Todd County is a county located in the U.S. state of Kentucky. As of the 2010 census, the population was 12,460.[1] Its county seat is Elkton.[2] The county is named for Colonel John Todd, who was killed at the Battle of Blue Licks in 1782 during the American Revolution.[3][4]

Geography[edit]

According to the 2000 census, the county has a total area of 376.97 square miles (976.3 km2), of which 376.35 square miles (974.7 km2) (or 99.84%) is land and 0.62 square miles (1.6 km2) (or 0.16%) is water.[5]

Adjacent counties[edit]

Demographics[edit]

Historical population
Census Pop.
1830 8,680
1840 9,991 15.1%
1850 12,268 22.8%
1860 11,575 −5.6%
1870 12,612 9.0%
1880 15,994 26.8%
1890 16,814 5.1%
1900 17,371 3.3%
1910 16,488 −5.1%
1920 15,694 −4.8%
1930 13,520 −13.9%
1940 14,234 5.3%
1950 12,890 −9.4%
1960 11,364 −11.8%
1970 10,823 −4.8%
1980 11,874 9.7%
1990 10,940 −7.9%
2000 11,971 9.4%
2010 12,460 4.1%
Est. 2012 12,651 1.5%
U.S. Decennial Census[6]
2012 Estimate[7]

As of the census[8] of 2000, there were 11,971 people, 4,569 households, and 3,367 families residing in the county. The population density was 32 per square mile (12 /km2). There were 5,121 housing units at an average density of 14 per square mile (5.4 /km2). The racial makeup of the county was 89.32% White, 8.75% Black or African American, 0.15% Native American, 0.17% Asian, 0.03% Pacific Islander, 0.87% from other races, and 0.71% from two or more races. 1.66% of the population were Hispanic or Latino of any race.

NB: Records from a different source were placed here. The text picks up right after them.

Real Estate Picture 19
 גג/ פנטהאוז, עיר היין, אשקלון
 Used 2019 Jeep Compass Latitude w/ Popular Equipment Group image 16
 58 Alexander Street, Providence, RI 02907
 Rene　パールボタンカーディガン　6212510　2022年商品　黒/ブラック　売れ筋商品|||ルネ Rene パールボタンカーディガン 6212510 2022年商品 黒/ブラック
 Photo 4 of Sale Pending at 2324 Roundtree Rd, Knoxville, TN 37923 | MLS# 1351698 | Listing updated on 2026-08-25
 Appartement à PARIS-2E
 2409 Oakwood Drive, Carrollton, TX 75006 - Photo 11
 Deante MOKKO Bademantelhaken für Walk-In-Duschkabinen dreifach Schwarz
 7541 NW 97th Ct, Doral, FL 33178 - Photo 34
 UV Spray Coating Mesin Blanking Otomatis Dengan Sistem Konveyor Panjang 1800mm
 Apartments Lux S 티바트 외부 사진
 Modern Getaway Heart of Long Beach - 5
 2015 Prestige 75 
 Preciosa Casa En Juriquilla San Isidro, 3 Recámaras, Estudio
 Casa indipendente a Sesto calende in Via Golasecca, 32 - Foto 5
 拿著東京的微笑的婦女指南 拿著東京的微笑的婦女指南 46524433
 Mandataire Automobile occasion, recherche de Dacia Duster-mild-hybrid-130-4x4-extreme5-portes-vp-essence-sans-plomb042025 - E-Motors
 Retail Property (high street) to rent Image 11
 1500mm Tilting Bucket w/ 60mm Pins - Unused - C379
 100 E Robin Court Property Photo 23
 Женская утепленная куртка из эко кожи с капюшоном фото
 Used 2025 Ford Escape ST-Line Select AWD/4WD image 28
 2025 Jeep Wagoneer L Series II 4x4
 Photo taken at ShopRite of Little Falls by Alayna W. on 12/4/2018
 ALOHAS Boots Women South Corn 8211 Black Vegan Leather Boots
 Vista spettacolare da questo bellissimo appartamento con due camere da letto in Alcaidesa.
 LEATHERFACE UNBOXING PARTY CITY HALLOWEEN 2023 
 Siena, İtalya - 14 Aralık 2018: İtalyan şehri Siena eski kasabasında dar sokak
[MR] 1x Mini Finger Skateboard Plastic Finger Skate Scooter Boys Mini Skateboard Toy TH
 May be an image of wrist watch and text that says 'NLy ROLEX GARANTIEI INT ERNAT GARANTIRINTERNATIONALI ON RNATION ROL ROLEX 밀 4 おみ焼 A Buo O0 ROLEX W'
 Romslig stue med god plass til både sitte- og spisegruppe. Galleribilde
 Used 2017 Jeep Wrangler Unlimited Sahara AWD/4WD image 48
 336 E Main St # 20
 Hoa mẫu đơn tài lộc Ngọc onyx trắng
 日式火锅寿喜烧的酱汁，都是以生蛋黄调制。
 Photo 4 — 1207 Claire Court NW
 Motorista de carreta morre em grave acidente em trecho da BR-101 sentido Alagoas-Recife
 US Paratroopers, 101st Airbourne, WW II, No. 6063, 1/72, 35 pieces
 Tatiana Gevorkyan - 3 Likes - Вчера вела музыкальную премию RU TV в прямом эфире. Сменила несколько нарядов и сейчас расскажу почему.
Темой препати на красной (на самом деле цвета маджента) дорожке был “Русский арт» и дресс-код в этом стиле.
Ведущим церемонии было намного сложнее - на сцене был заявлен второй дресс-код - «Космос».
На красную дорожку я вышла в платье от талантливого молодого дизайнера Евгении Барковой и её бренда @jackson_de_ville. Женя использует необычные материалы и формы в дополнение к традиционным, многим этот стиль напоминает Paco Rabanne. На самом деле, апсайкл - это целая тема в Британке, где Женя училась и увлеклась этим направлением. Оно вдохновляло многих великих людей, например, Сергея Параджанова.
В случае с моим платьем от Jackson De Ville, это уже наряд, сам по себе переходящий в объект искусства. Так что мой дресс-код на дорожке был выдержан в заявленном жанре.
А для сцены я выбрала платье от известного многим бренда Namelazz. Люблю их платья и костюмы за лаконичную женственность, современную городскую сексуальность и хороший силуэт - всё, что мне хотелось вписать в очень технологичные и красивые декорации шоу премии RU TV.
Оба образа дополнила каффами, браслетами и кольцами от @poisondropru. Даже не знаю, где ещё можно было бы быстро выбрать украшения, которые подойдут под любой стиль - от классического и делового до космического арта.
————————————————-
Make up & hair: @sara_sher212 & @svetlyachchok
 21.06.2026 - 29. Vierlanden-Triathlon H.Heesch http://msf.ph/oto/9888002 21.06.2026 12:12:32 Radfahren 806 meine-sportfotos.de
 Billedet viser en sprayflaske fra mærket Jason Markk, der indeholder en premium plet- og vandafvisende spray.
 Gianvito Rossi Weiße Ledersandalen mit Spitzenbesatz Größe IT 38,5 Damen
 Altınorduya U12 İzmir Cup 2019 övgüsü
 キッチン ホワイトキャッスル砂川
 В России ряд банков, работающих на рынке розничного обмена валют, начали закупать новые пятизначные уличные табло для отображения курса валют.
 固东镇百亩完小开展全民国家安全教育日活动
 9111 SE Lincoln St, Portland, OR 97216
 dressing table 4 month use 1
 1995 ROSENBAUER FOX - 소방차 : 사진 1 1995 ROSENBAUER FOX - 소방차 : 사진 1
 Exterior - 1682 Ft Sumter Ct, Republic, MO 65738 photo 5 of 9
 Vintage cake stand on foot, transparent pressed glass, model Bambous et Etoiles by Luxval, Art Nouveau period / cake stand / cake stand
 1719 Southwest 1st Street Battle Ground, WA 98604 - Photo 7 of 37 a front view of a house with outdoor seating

There were 4,569 households out of which 33.50% had children under the age of 18 living with them, 58.70% were married couples living together, 11.60% had a female householder with no husband present, and 26.30% were non-families. 23.00% of all households were made up of individuals and 11.10% had someone living alone who was 65 years of age or older. The average household size was 2.59 and the average family size was 3.05.

In the county the population was spread out with 26.60% under the age of 18, 8.70% from 18 to 24, 28.40% from 25 to 44, 22.40% from 45 to 64, and 14.00% who were 65 years of age or older. The median age was 36 years. For every 100 females there were 94.80 males. For every 100 females age 18 and over, there were 92.70 males.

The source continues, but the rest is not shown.